EXERCISE OBJECTIVE: Pictures stay out of the copy. Retype exactly the lines below from the one with "Iğdırlılar Koray Avcı konseri ile coştu" through the one with "725 61st Street N St Petersburg FL 33710".

DATA FOR REVIEW:
━━━━━━━━━━━━━━━━━━━━
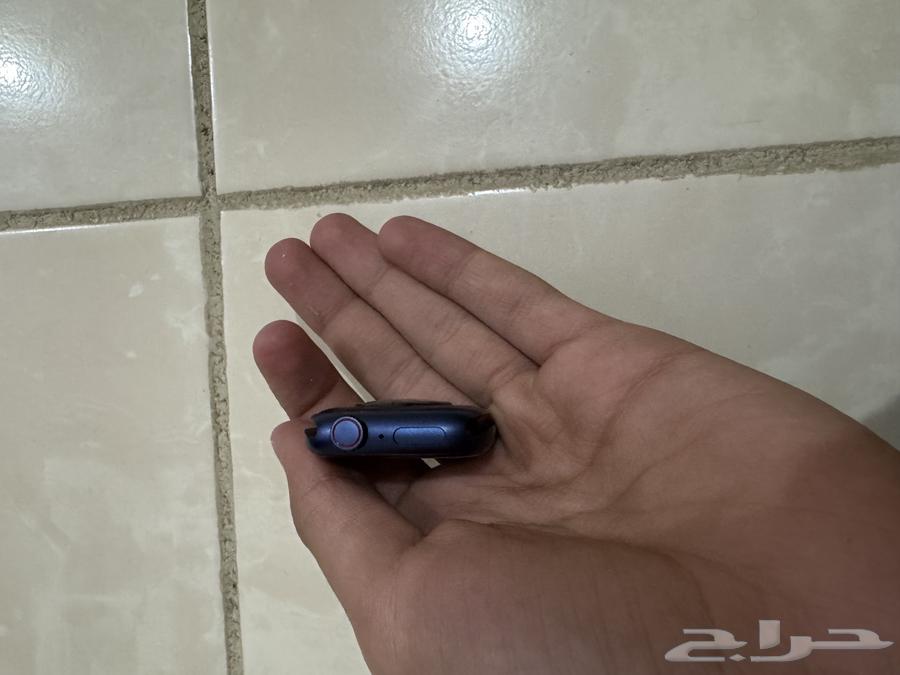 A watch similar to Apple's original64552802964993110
━━━━━━━━━━━━━━━━━━━━
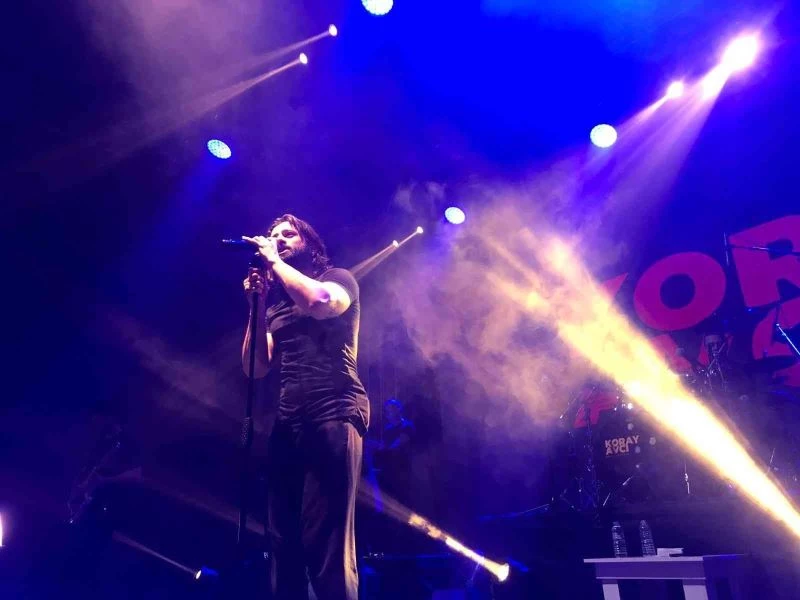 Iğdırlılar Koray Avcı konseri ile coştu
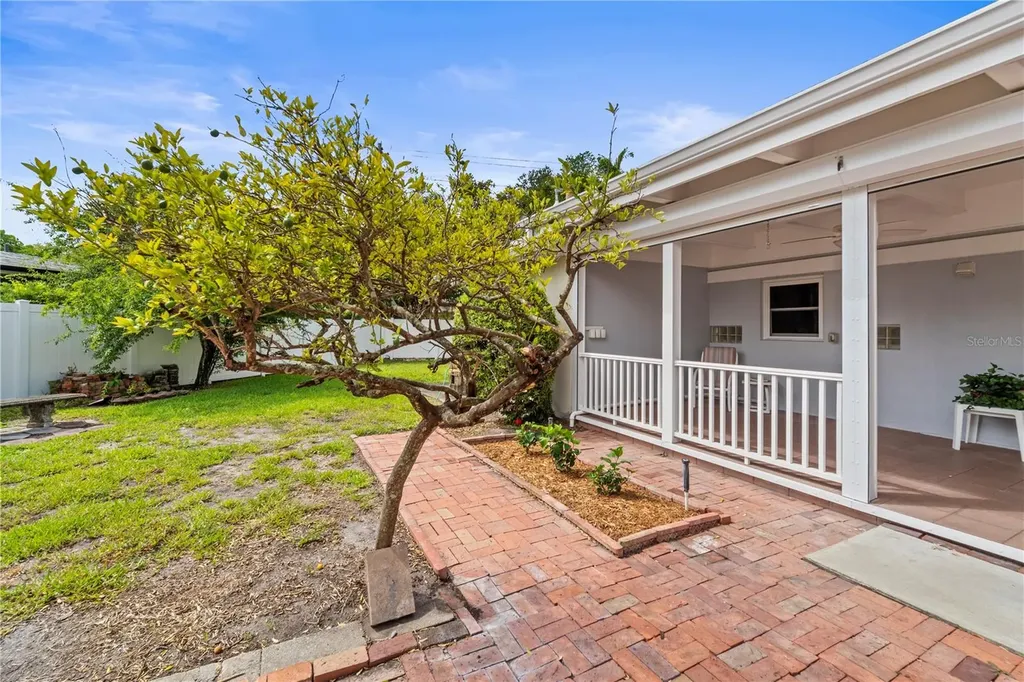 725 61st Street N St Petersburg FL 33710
━━━━━━━━━━━━━━━━━━━━
OUTPUT OF THE EXERCISE:
 Iğdırlılar Koray Avcı konseri ile coştu
 725 61st Street N St Petersburg FL 33710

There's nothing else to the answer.